Her grandmother was one of the earliest female teachers to emerge from Aberdeen University’s King’s College, where she followed a combined degree in domestic science and teacher training in 1908. She had been a pupil at Fordyce Academy in Banffshire, as was Mrs Devaney’s mother - both testament to the school’s reputation for high academic achievement and providing bursaries which allowed local children to pursue further study.

Mrs Devaney spent her early years in Fraserburgh before moving to the Forfar area. At university, she gained a degree in philosophy and went on to train as a primary teacher. After teaching for nearly eight years, she left to have her youngest child - and then, in the early 1980s, couldn’t get back into primary teaching.

But the fact that she had some maths in her degree meant she could take up a job in the college sector to teach basic numeracy. She took an Open University degree in maths to get her “up to the standard” and is now head of the maths section at Dundee College.

Her husband, Tom, was a prominent member of the EIS - president in 1991-92 - before retiring as assistant head at Monifieth High.

Her union acti-vism started in the 1980s, as convener of the Dundee College branch, followed by election to the executive committee of the College Lecturers’ Association. As pay strikes erupted in schools in the 1980s, Mrs Devaney would take her young daughter on marches. But it was the 1990s that heralded the greatest unrest for the FE sector with the Tory government’s plans to incorporate colleges.

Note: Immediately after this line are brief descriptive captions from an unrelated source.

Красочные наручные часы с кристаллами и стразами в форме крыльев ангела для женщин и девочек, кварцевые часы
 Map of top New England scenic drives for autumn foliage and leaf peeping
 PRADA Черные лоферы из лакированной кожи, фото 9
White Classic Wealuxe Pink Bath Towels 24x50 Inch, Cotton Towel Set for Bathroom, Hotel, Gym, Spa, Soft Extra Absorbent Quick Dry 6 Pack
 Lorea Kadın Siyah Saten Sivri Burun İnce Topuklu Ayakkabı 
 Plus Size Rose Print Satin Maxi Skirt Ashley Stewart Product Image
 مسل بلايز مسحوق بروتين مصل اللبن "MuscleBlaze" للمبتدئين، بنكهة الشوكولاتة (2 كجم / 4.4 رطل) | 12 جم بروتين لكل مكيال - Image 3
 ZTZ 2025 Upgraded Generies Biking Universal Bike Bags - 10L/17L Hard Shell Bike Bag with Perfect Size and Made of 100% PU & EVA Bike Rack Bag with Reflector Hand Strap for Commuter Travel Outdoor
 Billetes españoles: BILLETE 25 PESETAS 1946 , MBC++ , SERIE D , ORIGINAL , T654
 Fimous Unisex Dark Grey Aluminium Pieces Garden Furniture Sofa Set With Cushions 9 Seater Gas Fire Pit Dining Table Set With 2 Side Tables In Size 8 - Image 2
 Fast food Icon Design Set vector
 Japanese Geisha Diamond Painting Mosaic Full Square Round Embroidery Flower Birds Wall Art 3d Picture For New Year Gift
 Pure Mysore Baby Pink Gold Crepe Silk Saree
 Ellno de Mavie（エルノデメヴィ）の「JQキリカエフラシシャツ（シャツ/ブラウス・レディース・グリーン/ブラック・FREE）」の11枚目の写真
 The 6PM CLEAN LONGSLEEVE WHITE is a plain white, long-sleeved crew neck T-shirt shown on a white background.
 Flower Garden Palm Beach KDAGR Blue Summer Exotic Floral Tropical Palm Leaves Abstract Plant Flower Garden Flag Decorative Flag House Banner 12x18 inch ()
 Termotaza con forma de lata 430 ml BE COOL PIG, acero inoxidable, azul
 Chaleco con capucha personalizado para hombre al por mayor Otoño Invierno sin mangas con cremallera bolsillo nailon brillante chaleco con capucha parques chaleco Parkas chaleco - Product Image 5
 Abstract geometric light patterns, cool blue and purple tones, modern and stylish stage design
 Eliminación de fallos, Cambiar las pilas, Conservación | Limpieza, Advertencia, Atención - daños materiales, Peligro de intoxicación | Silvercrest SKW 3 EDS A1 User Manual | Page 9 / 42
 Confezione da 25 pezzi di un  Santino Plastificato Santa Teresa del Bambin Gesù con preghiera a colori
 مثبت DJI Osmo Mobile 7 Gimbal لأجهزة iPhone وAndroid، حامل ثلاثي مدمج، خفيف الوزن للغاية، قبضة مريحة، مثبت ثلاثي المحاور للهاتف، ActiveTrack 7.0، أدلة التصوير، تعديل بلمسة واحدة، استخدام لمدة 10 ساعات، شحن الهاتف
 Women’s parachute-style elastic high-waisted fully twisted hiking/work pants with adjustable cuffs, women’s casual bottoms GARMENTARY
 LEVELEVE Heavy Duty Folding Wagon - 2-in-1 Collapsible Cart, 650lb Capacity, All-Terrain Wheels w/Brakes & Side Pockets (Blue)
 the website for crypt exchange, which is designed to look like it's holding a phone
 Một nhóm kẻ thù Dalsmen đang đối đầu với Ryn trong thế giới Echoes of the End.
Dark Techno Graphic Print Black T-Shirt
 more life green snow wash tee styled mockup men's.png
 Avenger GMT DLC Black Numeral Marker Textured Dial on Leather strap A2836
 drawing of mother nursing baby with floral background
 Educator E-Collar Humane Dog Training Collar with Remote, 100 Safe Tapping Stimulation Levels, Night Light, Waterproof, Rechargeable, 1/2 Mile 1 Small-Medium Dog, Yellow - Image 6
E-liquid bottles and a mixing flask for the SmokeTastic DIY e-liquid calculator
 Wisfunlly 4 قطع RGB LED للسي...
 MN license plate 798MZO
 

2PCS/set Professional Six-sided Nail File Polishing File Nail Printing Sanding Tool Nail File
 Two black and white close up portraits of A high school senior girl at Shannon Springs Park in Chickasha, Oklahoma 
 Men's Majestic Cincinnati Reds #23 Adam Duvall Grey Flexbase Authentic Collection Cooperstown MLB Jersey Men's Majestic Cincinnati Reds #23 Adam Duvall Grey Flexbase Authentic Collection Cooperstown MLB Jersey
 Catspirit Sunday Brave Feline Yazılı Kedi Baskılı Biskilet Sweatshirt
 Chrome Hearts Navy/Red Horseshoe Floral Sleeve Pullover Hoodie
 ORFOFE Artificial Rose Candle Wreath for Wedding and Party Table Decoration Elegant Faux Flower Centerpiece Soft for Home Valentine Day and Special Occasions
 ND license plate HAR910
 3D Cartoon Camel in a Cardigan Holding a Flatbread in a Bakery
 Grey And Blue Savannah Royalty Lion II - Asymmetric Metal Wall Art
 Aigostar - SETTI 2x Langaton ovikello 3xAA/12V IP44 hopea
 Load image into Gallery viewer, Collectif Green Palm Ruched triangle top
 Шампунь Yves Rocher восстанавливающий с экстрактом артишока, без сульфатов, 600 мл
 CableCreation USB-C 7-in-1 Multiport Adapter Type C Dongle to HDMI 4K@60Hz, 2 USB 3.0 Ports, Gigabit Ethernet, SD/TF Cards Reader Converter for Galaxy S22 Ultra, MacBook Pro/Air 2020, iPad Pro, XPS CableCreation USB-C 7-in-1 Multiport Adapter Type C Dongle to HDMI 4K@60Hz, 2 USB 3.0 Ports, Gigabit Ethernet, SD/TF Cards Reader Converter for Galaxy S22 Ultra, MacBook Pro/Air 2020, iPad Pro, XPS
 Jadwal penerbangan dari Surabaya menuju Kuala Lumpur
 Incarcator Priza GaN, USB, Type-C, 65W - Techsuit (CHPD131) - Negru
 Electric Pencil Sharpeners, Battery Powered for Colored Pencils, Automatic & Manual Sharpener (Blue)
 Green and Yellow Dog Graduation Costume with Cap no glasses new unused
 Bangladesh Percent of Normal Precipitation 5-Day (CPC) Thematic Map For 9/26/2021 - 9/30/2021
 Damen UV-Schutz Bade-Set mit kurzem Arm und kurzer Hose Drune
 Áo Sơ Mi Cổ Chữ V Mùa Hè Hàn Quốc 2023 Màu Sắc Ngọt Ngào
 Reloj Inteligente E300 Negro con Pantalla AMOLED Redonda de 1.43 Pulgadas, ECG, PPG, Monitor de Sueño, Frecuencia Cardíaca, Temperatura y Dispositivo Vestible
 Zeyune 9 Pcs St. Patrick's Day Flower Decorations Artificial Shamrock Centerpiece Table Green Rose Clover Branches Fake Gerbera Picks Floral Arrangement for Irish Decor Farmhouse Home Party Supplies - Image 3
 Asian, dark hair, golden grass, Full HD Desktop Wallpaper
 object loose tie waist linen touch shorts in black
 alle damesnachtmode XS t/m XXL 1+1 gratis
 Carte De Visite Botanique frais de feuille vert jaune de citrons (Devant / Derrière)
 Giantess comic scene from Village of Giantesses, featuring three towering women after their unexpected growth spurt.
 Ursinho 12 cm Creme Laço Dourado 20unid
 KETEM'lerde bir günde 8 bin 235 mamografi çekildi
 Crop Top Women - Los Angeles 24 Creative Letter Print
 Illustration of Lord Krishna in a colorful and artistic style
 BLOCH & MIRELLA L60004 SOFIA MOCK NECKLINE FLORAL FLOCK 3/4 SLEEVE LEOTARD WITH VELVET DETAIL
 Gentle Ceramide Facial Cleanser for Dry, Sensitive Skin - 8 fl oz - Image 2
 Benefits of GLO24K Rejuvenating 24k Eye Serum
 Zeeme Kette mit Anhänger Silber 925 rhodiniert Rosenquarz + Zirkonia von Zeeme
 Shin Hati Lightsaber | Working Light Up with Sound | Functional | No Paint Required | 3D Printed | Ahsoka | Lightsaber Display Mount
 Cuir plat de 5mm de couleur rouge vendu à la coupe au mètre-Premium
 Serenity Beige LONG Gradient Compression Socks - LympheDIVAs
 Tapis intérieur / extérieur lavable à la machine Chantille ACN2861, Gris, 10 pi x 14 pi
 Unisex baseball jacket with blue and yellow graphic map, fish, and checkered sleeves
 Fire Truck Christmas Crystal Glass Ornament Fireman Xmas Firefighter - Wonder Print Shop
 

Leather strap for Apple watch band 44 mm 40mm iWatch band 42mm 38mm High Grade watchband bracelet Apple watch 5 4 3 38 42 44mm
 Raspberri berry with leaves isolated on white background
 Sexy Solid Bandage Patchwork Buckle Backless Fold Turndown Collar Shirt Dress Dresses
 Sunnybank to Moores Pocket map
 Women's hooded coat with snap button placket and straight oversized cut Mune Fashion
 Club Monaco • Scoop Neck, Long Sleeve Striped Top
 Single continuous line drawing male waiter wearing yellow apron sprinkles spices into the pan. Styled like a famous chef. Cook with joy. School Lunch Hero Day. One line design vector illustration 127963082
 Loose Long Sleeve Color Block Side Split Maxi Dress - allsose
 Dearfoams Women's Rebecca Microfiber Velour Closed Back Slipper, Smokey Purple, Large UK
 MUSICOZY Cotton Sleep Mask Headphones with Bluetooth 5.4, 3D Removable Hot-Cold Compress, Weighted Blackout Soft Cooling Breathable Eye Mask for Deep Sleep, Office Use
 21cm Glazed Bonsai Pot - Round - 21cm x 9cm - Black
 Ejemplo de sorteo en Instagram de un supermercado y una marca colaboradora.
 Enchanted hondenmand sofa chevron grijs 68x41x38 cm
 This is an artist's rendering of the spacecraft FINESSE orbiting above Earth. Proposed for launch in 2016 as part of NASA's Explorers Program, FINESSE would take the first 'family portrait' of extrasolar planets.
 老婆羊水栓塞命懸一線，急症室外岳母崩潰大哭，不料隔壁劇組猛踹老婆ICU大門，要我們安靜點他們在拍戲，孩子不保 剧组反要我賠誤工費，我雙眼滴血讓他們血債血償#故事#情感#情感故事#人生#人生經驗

Industrial relations in some colleges through the 1990s were “just appalling”, she says - although there are signs of greater stability emerging in some parts of the sector: “There is maybe a bit less of the macho privatisation chief executive-style of things now, although that still happens - witness the disputes at Perth and James Watt colleges.”

Some of the newer principals are better at trying to find solutions that do not involve confrontation. “Maybe it’s no accident that a number are wo-men,” she says.

Top of her list of priorities is to achieve national bargaining for the FE sector. She would also like to see lecturers given better continuing professional development to support their work with the influx of school-age youngsters who are now following vocational courses at college - which Mrs Devaney sees as “a mixed blessing” for lecturers.